His powerful and emotional testimonial went viral. It turns out that countless other long-time liberals feel exactly the way he does. His group Walkaway invites those voters to join him and post their own stories of leaving the party. As more do, they send a powerful message to liberals everywhere who actually care about working-class America, free speech, fair play, supporting law enforcement and the military rather than demonizing them, putting America’s interests first, and creating economic prosperity for all.

It’s fairly obvious that this movement is a frontal assault against the groupthink narrative of the Left and its false claim of the moral high ground in our national culture wars. Straka says the Left has surrendered any pretension of moral superiority through its win-at-all-costs, heavy-handed tactics, a conclusion validated by the revolting behavior of Democrats during the Kavanaugh hearings. He tells me that for too long he “stood by and watched formerly sensible people become social-justice warriors who misconstrue facts, evidence and events to confirm their own biases that everyone who doesn’t comply with their prejudiced conclusions or follow their orders is a Nazi, racist, bigot, white supremacist, homophobic, Islamophobic, xenophobic, misogynistic, alt-right extremist.” I ask him if he feels comfortable as a gay man in conservative circles. He says he has been warmly accepted by most.

He tells me that as a former addict, he learned the subversive repercussions of the Left’s “victimhood” obsession. The cure for addiction is to take control of your own fate, and to stop blaming others for your own faults and failures. “Victimhood,” he says “is antithetical to self-improvement” and taking a handle on your own life. “The Dems’ most insidious lie is that no amount of hard work will allow you to overcome your victimhood or the privilege of those around you.” When I ask him to lay out the unifying principles of the #walkaway campaign, he unhesitatingly replies: “unity, equal opportunity, free speech, personal empowerment, and love.”
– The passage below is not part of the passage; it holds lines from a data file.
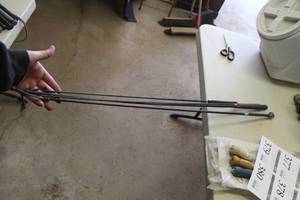 lot 374 image: Lot of (4) Dressage Whips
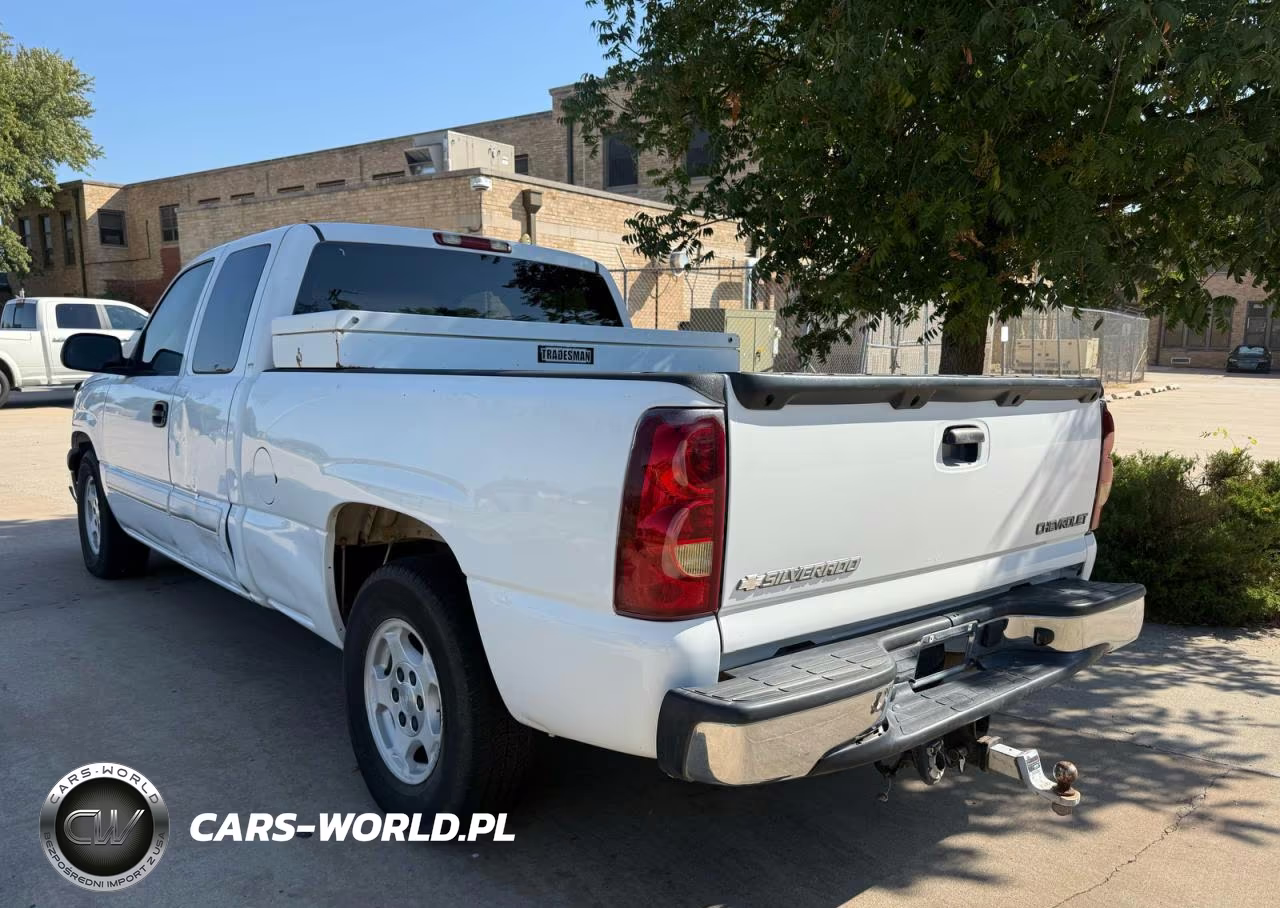 2003 Chevrolet Silverado C1500 VIN:2GCEC19T931308342 - 3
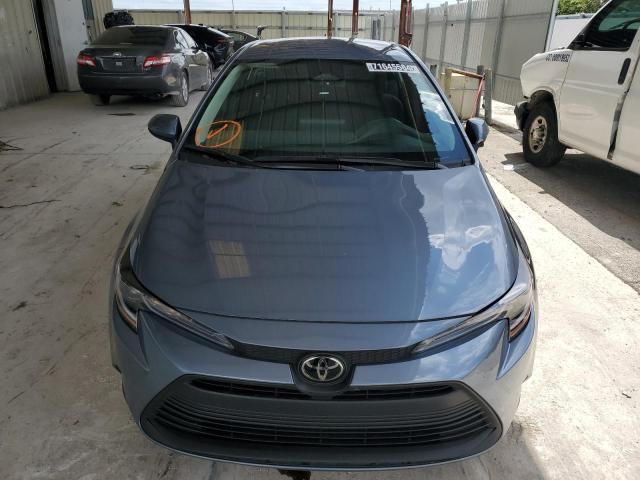 Photo 4 VIN: 5YFB4MDE8PP051269 - TOYOTA COROLLA LE 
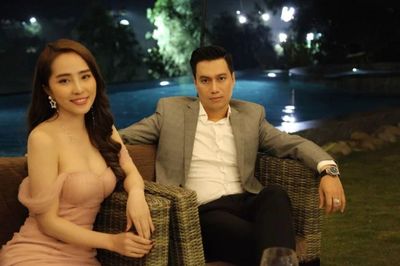 Việt Anh và Quỳnh Nga cập nhật thông tin ở Thái Lan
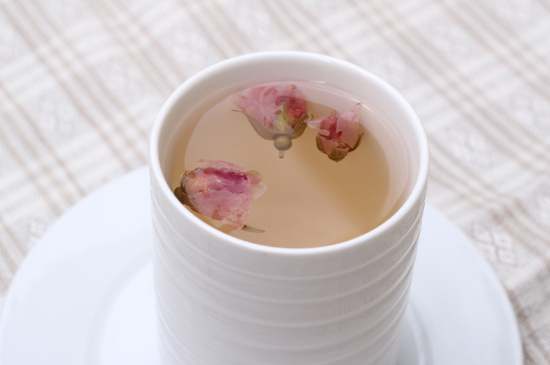 怎么判斷玫瑰花茶好不好，玫瑰花茶怎么樣鑒別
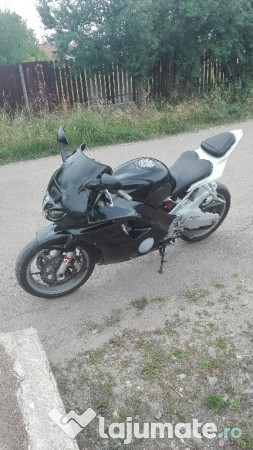 Honda cbr 700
Straka has all the unbridled fervor of a convert, and that passion has been the force that has lifted #walkaway to the national scene. But sometimes his anti-left rhetoric can come across as strident and derisive. I worry a little this could turn off some of those liberals who should and could be converted to “vote red.” I’ve been a lifelong Republican, but even I don’t think voting red is the solution to all of our problems. The GOP hardly has a stellar record of keeping its promises. What is most important here (to me) is that voters turn away from the dangerous rhetoric and tactics of the Left, not so much that they run into the arms of the Republican party.

Straka’s movement has the potential to be a powerful political force that gives scores of fair-minded and principled Americans the courage to turn away from the nasty, illiberal, power-hungry party of Nancy Pelosi, Chuck Schumer, and Bernie Sanders. I will be there on the Capitol lawns Saturday, marching in solidarity with these folks. I hope you will be, too.

Stephen Moore is a senior fellow at the Heritage Foundation and an economist with FreedomWorks. His latest book is Govzilla: How the Relentless Growth of Government Is Devouring Our Economy.